Lonergin was back in the capital when the Mayor was killed. It was on a September day with a nice fresh breeze coming in the window one of the night cleaning staff left open. When the Mayor arrived he found it so refreshing that he decided not to close it. They shot him through the window with a 222, a rifle with a flat trajectory, and as the window was open, there was no glass imperfections or glare to cause sighting problems for the shooter. The shot was well aimed. The slug entered the back of his head at the joint of the spine and the skull. The slug was hollow point. It broke into four parts rattling around the inside of his skull chewing up his brain as if it had been placed in a blender. The Mayor wasn’t the sort of man to have regrets. This was just as well for the way it turned out he was given no time to have them.

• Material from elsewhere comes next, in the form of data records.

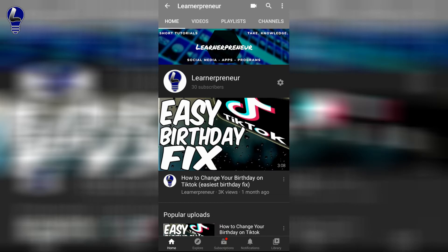Welcome back to the channel. In this video, I'm going to show you how to share a YouTube playlist on WhatsApp.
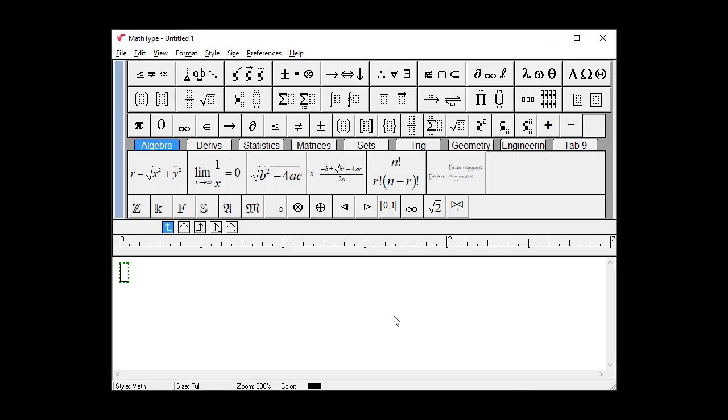Hello, MathTypers! In this video, we'll look at a simple way to insert symbols that aren't located in MathType's symbol palettes.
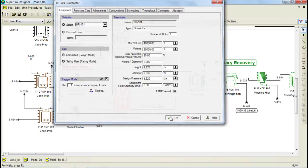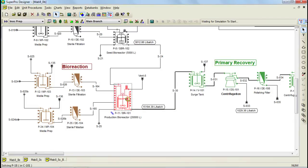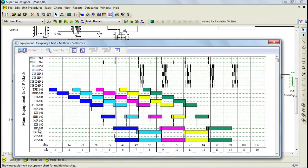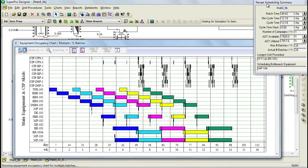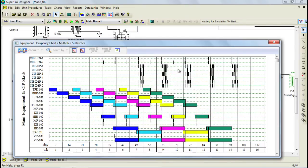Let's now generate the new equipment occupancy chart to see the differences. You can now see through this chart that there is an extra piece of equipment called Bioreactor 101B. If we bring up the Scheduling Summary, we'll see that the cycle time has now been reduced to 12.19 days instead of 14 days. Even though adding this extra bioreactor had a positive impact, we can also see that a new bottleneck has been created. It's important to mention that when debottlenecking a facility, the extra pieces of equipment should be introduced to the scheduling bottleneck. Therefore, at this point, we would need to add a new tank to further reduce the cycle time.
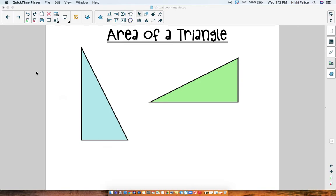Hello boys and girls. Today we are starting a new chapter called Area of Polygons. We're going to be learning about different shapes and how to find the area of those shapes. We know that finding the area of a rectangle or a square you do length times width, but that does not work for all shapes. Today we are going to start with finding the area of a triangle.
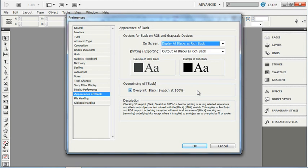If you don't have this turned on, then your black type will knock out of content that's underneath it, and you'll be dependent upon the trapping application when you send a job to print.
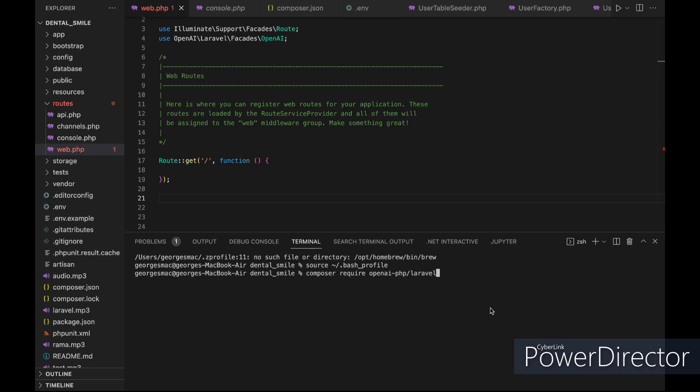Everyone is hearing about the new OpenAI Developers Day and the new OpenAI features. Let's dive deep into those new features using the OpenAI Laravel package.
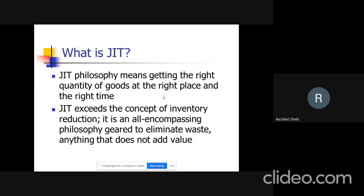JIT is the philosophy which means getting the right quantity of goods at the right place and right time — not more. It reduces cost. JIT exceeds the concept of inventory reduction; it is an all-encompassing philosophy geared to eliminate waste — anything that does not add value, including reducing materials which do not add value.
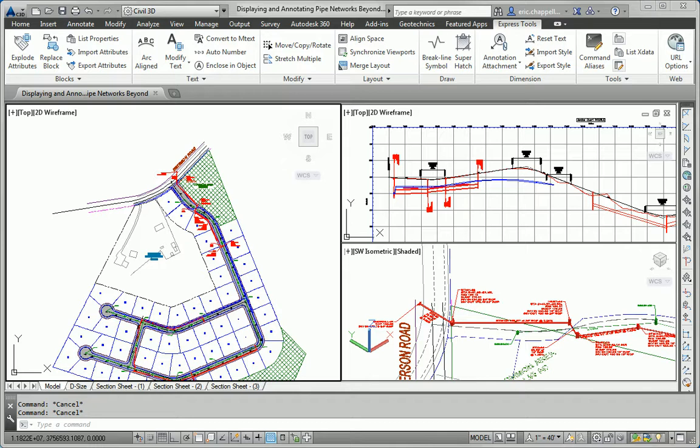In this exercise, we are asked to open the drawing named Displaying and Annotating Pipe Networks Beyond, which I've done. This drawing has stylization labels and tables that were created in earlier exercises, and we want to use those same guidelines to stylize and label the remaining pipes and structures in the drawing. Some of the pipes and structures have not been stylized and labeled.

There is a co op now operating on the 1169. It does a good business. Most of its customers are outsiders but it does a sprinkling of business from townies who come out for the bargains. There are now two outsider police officers and three outsiders have just started to work at the mill.
Lonergin decided not to tell his wife about the details of the murders. So when he began to wake at night hollering, flailing his arms about, he told her it was the return of childhood nightmares. After the third night of this she demanded he go to a psychologist and he did. The psychologist, who considered himself to be a radical shaman type of healer, told him he was a spoilt bureaucrat, a soft and useless creature and thus easy prey for malignant furies. He suggested Lonergin sell his sailboat and give the money to the poor. As Lonergin did not have a sailboat he was unable to follow this advice. Instead he bought a membership in a gym and took up weight lifting. After three months of pumping iron the nightmares went away and he was able to leave the guestroom and rejoin his wife in the connubial bed.
Chief Gillis retired early, a year after the Mayor’s murder. He and his family moved to a farm outside town where they breed sheep and Lamas. At first the kids complained bitterly but they stopped when their mother bought them three horses and they started to play hockey with the outsider kids on the local pond. The new co -op is just down from their farm which pleases the Chief for since his retirement he doesn’t like going into town. He finds the streets too crowded and the faces too innocent and imbecilic. Saturday mornings the Chief can be seen at the coop hovering his hawk’s nose above the tool displays while his wife does the grocery shopping. Saturday afternoons he sits on his front verandah drinking coca cola and eating jelly beans. Old friends from town, out for a drive in the country, sometimes join him there along with people from around the neighbourhood. Everybody gets along. Sometimes they even sit down together at the Chief’s table for supper and have a delicious meal of fresh pork and garden vegetables.